The president of the National Liberation Party (PLN), Francisco Pacheco, who helped his party gain a near monopoly in Costa Rican politics, announced is resignation from the helm of the PLN Thursday. He said he is stepping down to pursue intellectual interests and might accept a position at University of Costa Rica’s School of Law. He said his exit from politics is not the result of any possible differences with his party-mate, President-elect Laura Chinchilla.

 

4Tolls on

Caldera Highway

Dip Down

 

Autopistas del Sol’s new

San José-Caldera Highway

has received plenty of complaints about its four costly tolls. The company announced toll reductions as of midnight on Monday, May 3 that will save drivers a total ¢90 (18 cents) along the full journey, from ¢1,930 ($3.80) to ¢1,740 ($3.44). The Escazú toll, drops from ¢320 (63 cents) to ¢290 (57 cents). In a news statement, the company explained that, by contract, it can change the toll every three months to follow inflation and the ups and downs of the exchange rate. The reduction will be helped by an upcoming ¢10 per liter dip in gas prices, which national price regulators expect to take effect May 6.

 

4Arizona Law Is Cause Célèbre

 

Shakira, the Colombian pop sensation, is the latest to join the cause against the tough new immigration law in the U.S. state of Arizona, according to BC Mundo, which reported Thursday that the singer is expected to travel to the state’s capital, Phoenix, to let her voice be heard.

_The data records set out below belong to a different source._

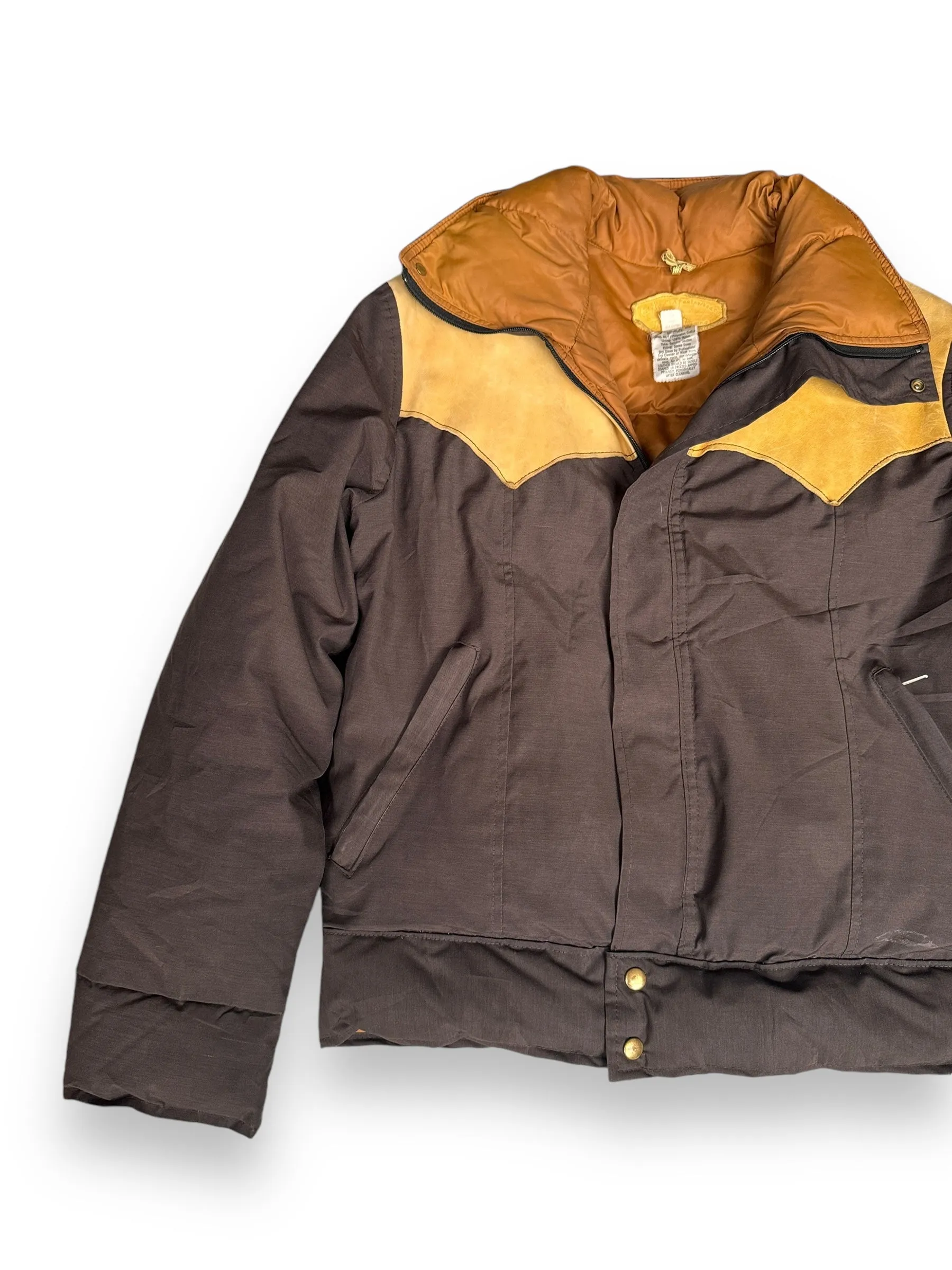 Vintage Brown & Orange Rocky Mountain Featherbed Down Jacket SZ SZ L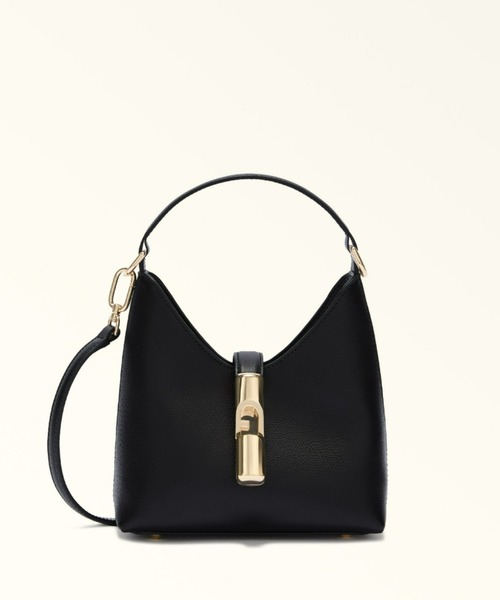 FURLA（フルラ）の「フルラ イリデ ミニホーボーバッグ（ショルダーバッグ・レディース・モカ/ホワイト/ブラック・ONE SIZE）」の2枚目の写真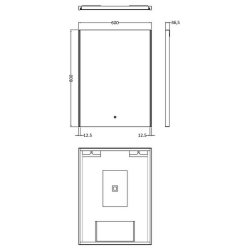 Nuie Cepheus 800 x 600mm Ambient LED Mirror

The controversial law requires state and local police to determine a person’s immigration status if there is “reasonable suspicion” they are in the United States illegally. Supporters like the law’s zero tolerance approach to “illegals,” while opponents – including the Phoenix mayor – say the law opens the door to racial profiling. Amid demonstrations in Mexico, Mexican President Felipe Calderón said the law hinders cooperation efforts along the border. Protests and anti-Arizona boycotts have spread across the United States as well. However, a Gallup poll showed a 51 percent support nationwide among people aware of the law (22 percent were unaware of it).

 

4Protests Flare Up

 

Protests Thursday by teachers, car service drivers and dockworkers in several Costa Rican cities and towns, sparked violence in the Caribbean city of Limón. Security officials said three police officers were wounded by gunshot during Limón’s protest, although a workers union leader told online news portal Nuestro País that the injuries were caused by the police themselves. Police arrested 10 protesters, the portal reported. A flurry of demands from diverse groups led to the protests. One came from private car service drivers who are demanding that the government scratch pending legislation that could forbid them from transporting people. High school teachers wanted fairer salaries and problems relating to privatizing Limón’s ports are also brewing.